Aggiungiamo che il ciclismo francese sono le tante squadre professionistiche suddivise per regioni che alimentano interesse e rivalità. Tra queste la Groupama-FDJ, la squadra fondata da i fratelli Madiot (Marc ed Yvon, ex ciclisti professionisti) nel 1997. Un team sempre nel cuore dell’azione, in cui sono passati fior di campioni. Più che una squadra una promessa nella lunga attesa, quasi beckettiana, di un vincitore francese alla Grande Boucle. Il capitano della FDJ per questo tour 2023, David Gaudu, conta di riuscire ad arrivare molto vicino al podio. Con un gioco di parole gia sentito e comunque irresistibile diciamo “aspettando Gaudu…”.
Una outsider di successo
Si dice che la storia la scrivano i vincitori ma i capitoli scritti dagli outsider hanno un loro fascino ed un sapore forse più intenso. La FDJ, partendo da non favorita, ha scritto memorabili pagine nella piccola storia delle corse su strada degli ultimi anni. Varie tappe nei tre grandi giri, un podio al tour, la Milano-Sanremo, la Parigi-Roubaix, il Giro di Lombardia. Ad accompagnare queste vittorie un partner tecnico di spiccata matrice francofona. Anch’esso un outsider di grande talento: la Lapierre Cycles.

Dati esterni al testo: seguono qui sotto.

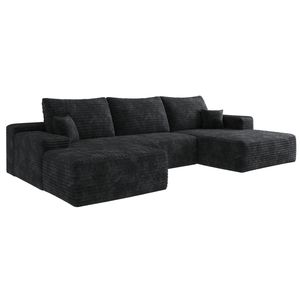 Divano Sezionale Moderno Minimalista da 272 cm con 1 Ottomana, Divano a U Imbottito con Seduta Profonda per Soggiorno, Collezione Cloud - Product Image 5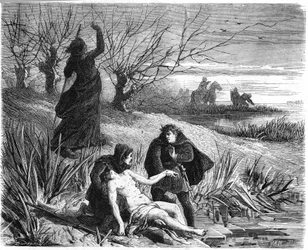 Tod von Karl dem Kühnen am 5. Januar 1477 vor den Mauern von Nancy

Il marchio Lapierre ha 75 anni di vita, nasce a Dijon, la capitale della storica regione della Borgogna. Il passaggio fondamentale per lo sviluppo ad alto livello dei modelli da strada avviene nel 2002, quando Lapierre diventa partner ufficiale del Team FDJ. La partnership ha dato il grosso vantaggio di poter sviluppare costantemente i mezzi in funzione delle specifiche necessità degli atleti professionisti. Nello sviluppo del materiale riveste un importante ruolo di raccordo il responsabile delle prestazioni del team Fred Grappe, ricercatore di scienze dello sport all’Università di Besançon dove è stato creato un laboratorio di ricerca finalizzata alla performance FDJ.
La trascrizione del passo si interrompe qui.